The findings were dramatic.
In the 30 days after the campaign, Microsoft Tweets lifted 41% from those who sent Tweets about at least one primetime show that Microsoft ads aired within (exposed TV authors). Comparatively, conversation around Microsoft Tweets declined 38% from those who did not send any Tweets about shows the company’s ads had aired in (the control group). The implication is that exposure to Microsoft TV ads drove significant lift in earned media.
However, not all ads are created equally. Microsoft’s campaign contained two distinct types of creative: one was emotional that tugged at the heartstrings of viewers while the other was more rational with creative that focused on the product’s competitive benefits with price as a call to action.
Overall, the emotional ads drove significantly more Microsoft discussion from exposed TV authors compared to the rational ads. But program type also played a role. The sports genre and certain tent pole events were highly effective for the emotional ads, while certain programs in the comedy and drama genres drove most Twitter conversation for the rational ads.
But which specific TV placements were most effective in driving earned media for Microsoft?
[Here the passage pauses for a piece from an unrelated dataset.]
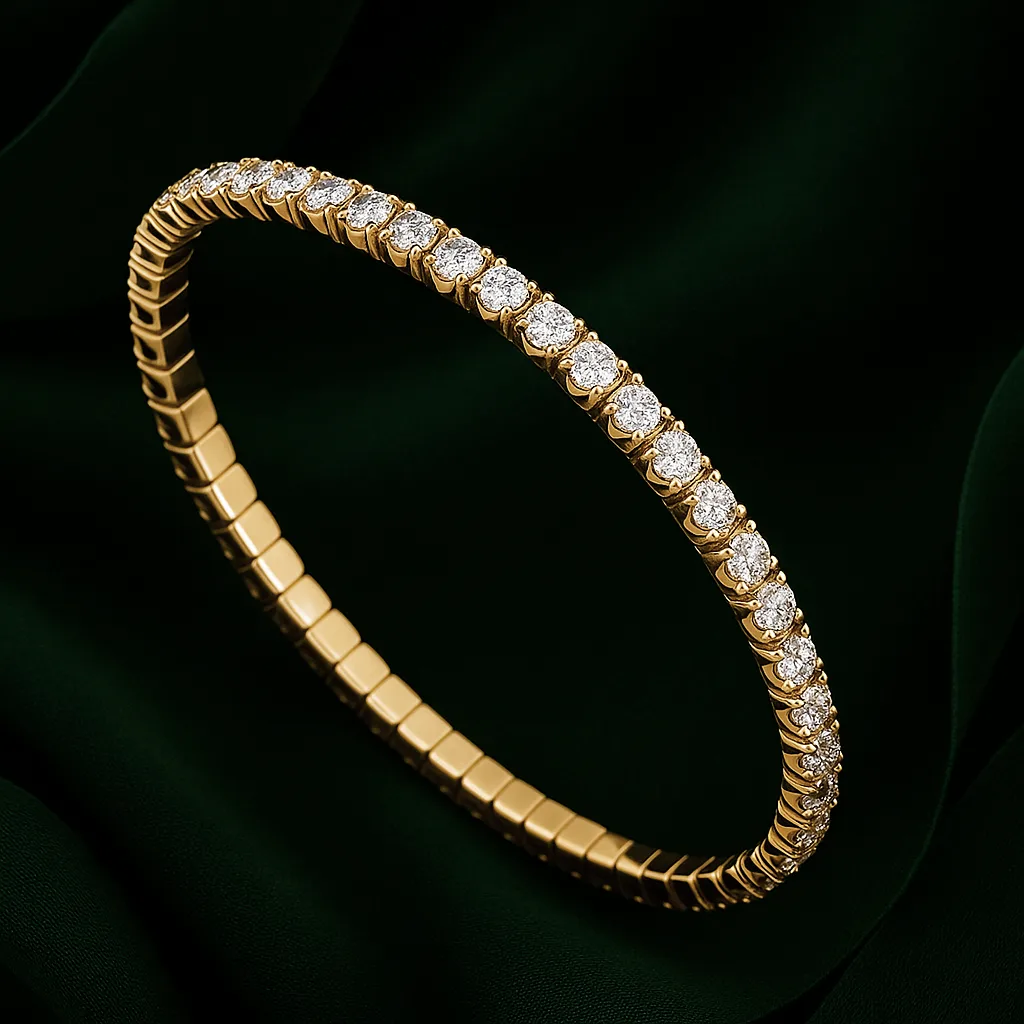 Bransoletka "LuxuryFlex™" 6.20ct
To determine this, Nielsen Social analyzed placements in two steps:
- Ranked each ad placement based on the volume of Microsoft-related Twitter activity from TV authors exposed to the episode in which the placement aired.
- Layered onto the ranking the amount of Twitter TV activity (authors sending program-related Tweets) and the TV viewership (National TV Ratings for P2+) for the TV episode in which each ad placement aired.
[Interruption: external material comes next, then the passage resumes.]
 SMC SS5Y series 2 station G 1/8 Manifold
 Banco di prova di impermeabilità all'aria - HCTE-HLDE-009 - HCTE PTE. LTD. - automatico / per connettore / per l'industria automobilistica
Putting the volume of Microsoft-related Twitter activity in the context of how social an episode was and how many people viewed the episode was critical to understanding what drove buzz. Nielsen Social found that ad placements in more social episodes drove nearly five times more mentions for Microsoft commercials compared to less social programs. This confirmed for Microsoft that social TV activity, as opposed to TV viewership, is the key in driving earned media.
From the study, Microsoft gleaned several key insights about how its paid TV campaign drove earned media. First, Microsoft learned that exposure to the TV campaign produced a dramatic lift in Twitter buzz compared to a control group. Second, Microsoft learned that while the emotional creative was most effective overall at driving Twitter buzz, rational ads outperformed in certain program types. Finally, Microsoft learned that ad placements in more social shows drove more Twitter buzz, underscoring the importance of factoring Twitter TV activity into TV planning in order to select shows with high social engagement and thus a greater likelihood to drive earned media.
Ultimately, the study gave Microsoft the information it needed to optimize and improve future TV media schedules and campaign creative decisions to maximize earned media. For additional insights, download the full case study.
The Nielsen Social “cohort analysis” used in the first part of this study to determine brand lift measured the volume of Microsoft-related Tweets from two distinct groups (cohorts) during the 30-day period before and after the Microsoft TV campaign aired on a national ‘Primetime’ TV schedule. Exposed TV Authors were Microsoft authors who sent Tweets about at least one show that Microsoft ads aired in within the primetime TV schedule analyzed. Control Group Authors were Microsoft authors who did not send Tweets about any of the shows that Microsoft ads aired in within the primetime TV schedule analyzed. Some authors within the control group may have been exposed to ads without Tweeting about program content or ads placed outside of the analyzed TV schedule.